[Exercise details]: As an exercise in exact copying, transcribe the lines below from the one holding "Women's black acrylic scarf - Image n°2" through the last, with both ends included and pictures left out.

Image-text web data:
····················

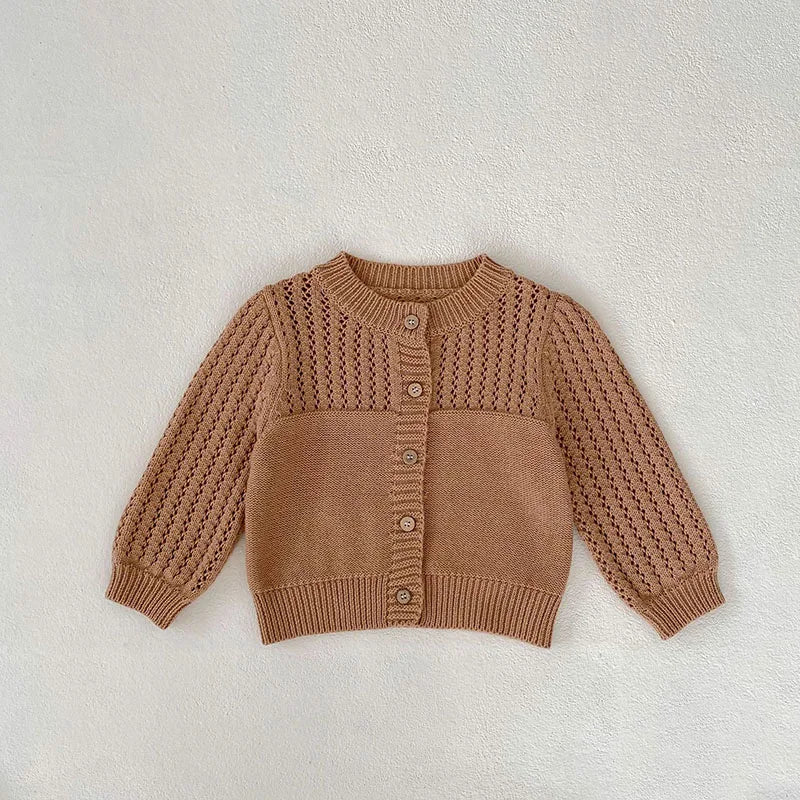 -ベビーカーディガン ニットセータートップス カーキ/グレー/2カラー - mamahalo shop - カーディガン・パーカー -  べビー服 - 子供服 - 男の子 - 女の子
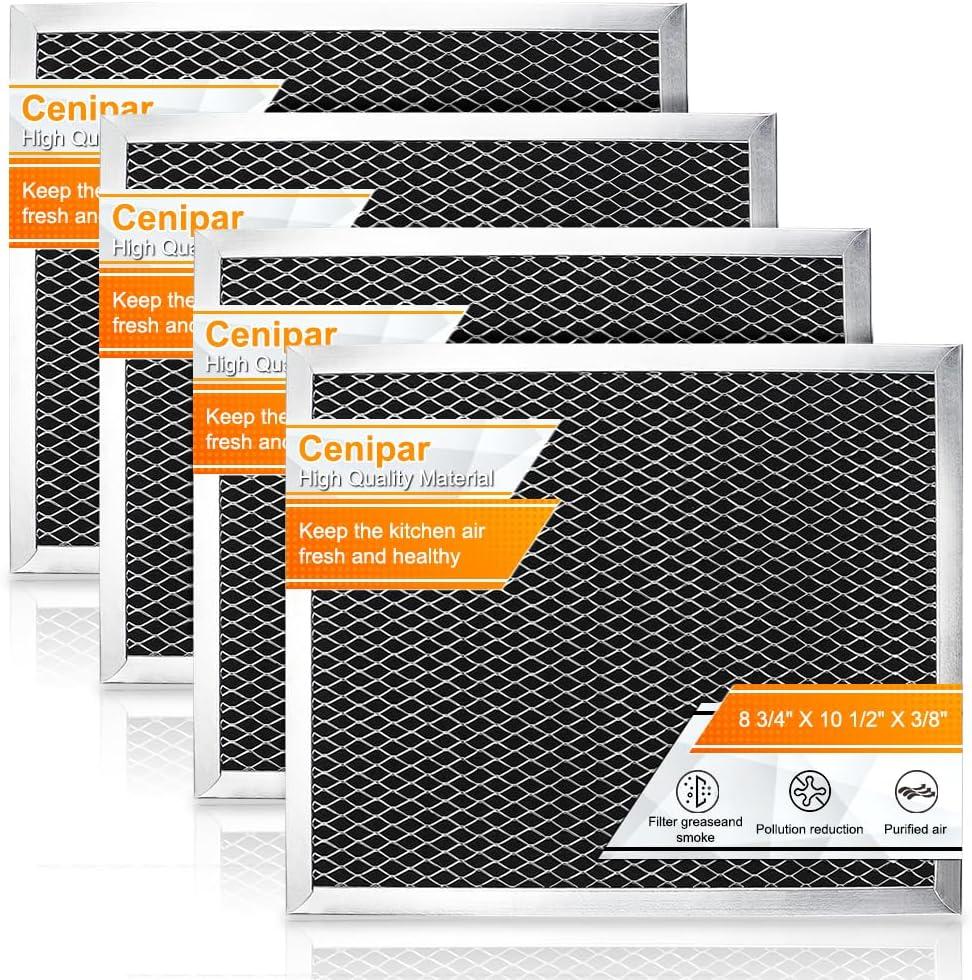 Cenipar 97007696 Range Hood Filter,41f Stove Hood Vent Filter Replacement For Broan& Nutone Charcoal Carbon Combo Replace 6105c 97005687-By Size 8.75" X 10.5 X .44"(4 Pack)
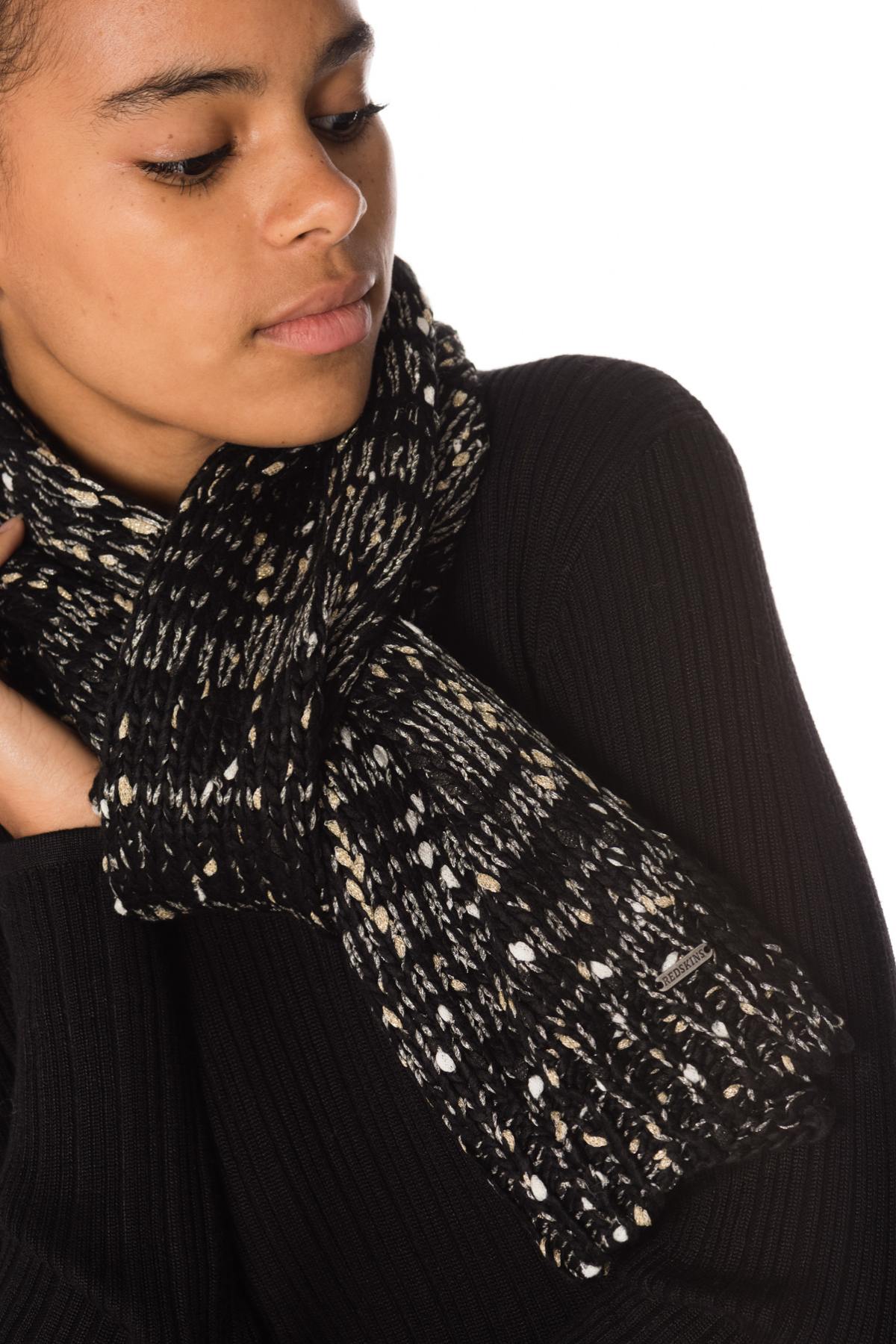 Women's black acrylic scarf - Image n°2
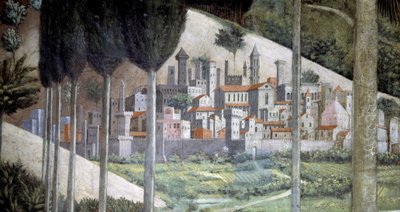 Medieval Town, Detail from the Journey of the Magi Cycle by Benozzo di Lese di Sandro Gozzoli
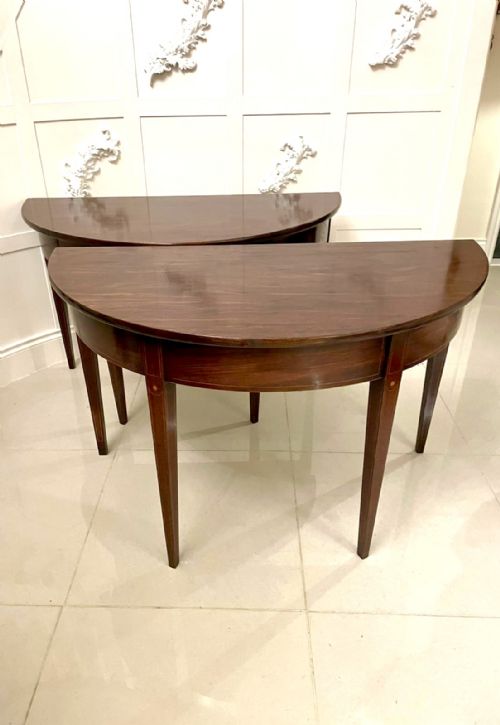 Pair of Antique 18th Century George III Outstanding Quality Mahogany Demi-lune Console Tables 
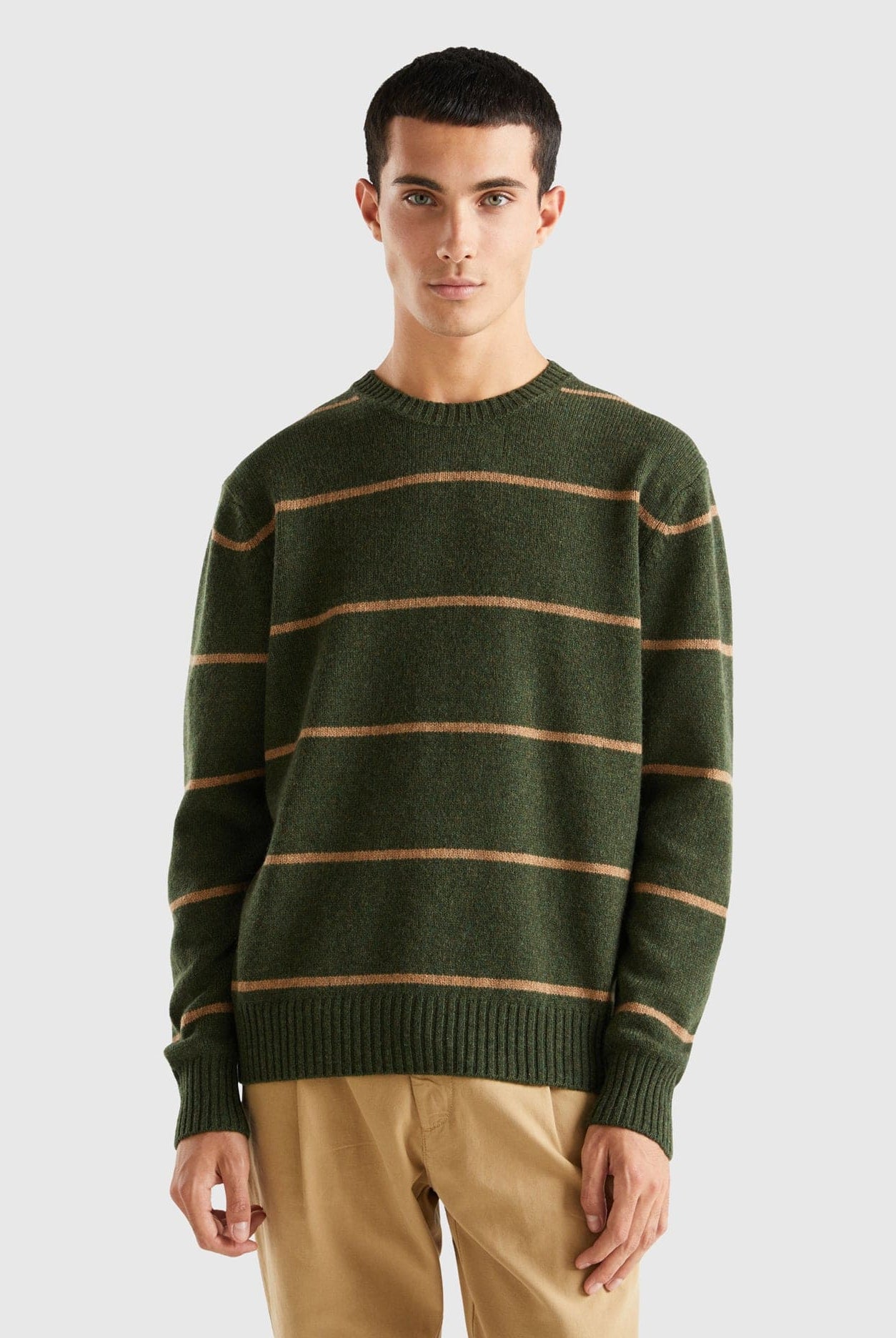 يونايتد كولورز اوف بينيتون بلوفر صوف مخطط بالعرض كم طويل رجالي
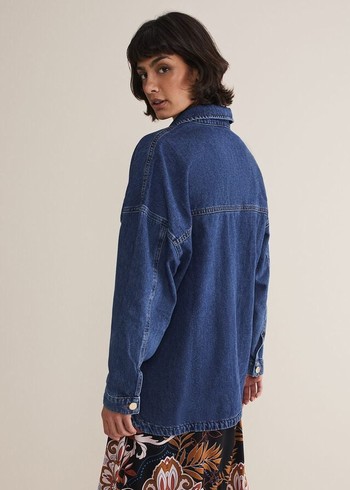 Phase Eight Tianna Oversized Denim Shacket Jackets Blue USA | 2609538-TO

····················

[Answer to this task]:
 Women's black acrylic scarf - Image n°2
 Medieval Town, Detail from the Journey of the Magi Cycle by Benozzo di Lese di Sandro Gozzoli
 Pair of Antique 18th Century George III Outstanding Quality Mahogany Demi-lune Console Tables 
 يونايتد كولورز اوف بينيتون بلوفر صوف مخطط بالعرض كم طويل رجالي
 Phase Eight Tianna Oversized Denim Shacket Jackets Blue USA | 2609538-TO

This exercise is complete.